Abruptly he knew where he was—the dark, rocky hills rising behind him, cut with the black ribbon of the ridge trail. He saw
movement in the lighted window next door—Beth, her kitchen window. He was suddenly conscious of the weight of the shovel
in his hands. The poolhouse door slammed shut behind him and then blew open again, and he saw the long scar in the white paint.
He threw the shovel down and sprinted toward the fence, leaping up and grabbing the redwood boards and propelling himself
upward, feeling the fence shudder as he boosted himself over with his elbows, a splinter of wood scraping his cheek.

Something exploded behind him like the crack of a firecracker, and he threw his hands over his head even as his
feet jarred with the impact of hitting the ground.

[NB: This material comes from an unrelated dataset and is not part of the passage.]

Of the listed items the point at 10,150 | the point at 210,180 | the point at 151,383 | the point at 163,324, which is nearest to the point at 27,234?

Gunfire! They were
shooting
at him! He crouched down and sprinted across the leaf-strewn lawn toward the back porch, praying that the door would be unlocked.

32

W
HEN SHE SAW THE MAN WITH THE SHOVEL,
L
ORNA
ducked back out of sight behind the drape, throwing her hand to her mouth. He was half-obscured by windblown leaves and dust,
but he clearly wasn’t the man who’d been over to see Lance that morning. A jealous husband? In a sudden panic she turned toward
the bedroom. The wind howled outside with a power that nearly took her breath away, and a hailstorm of leaves and twigs pelted
the doors and screens. There was a fearful pounding just then, like someone breaking down a wall, and she looked out just
as the poolhouse door slammed inward, the man with the shovel silhouetted against the darkened interior. She saw him raise
the shovel with both hands and heard simultaneously a woman’s scream and the hoarse shouting of a man’s voice.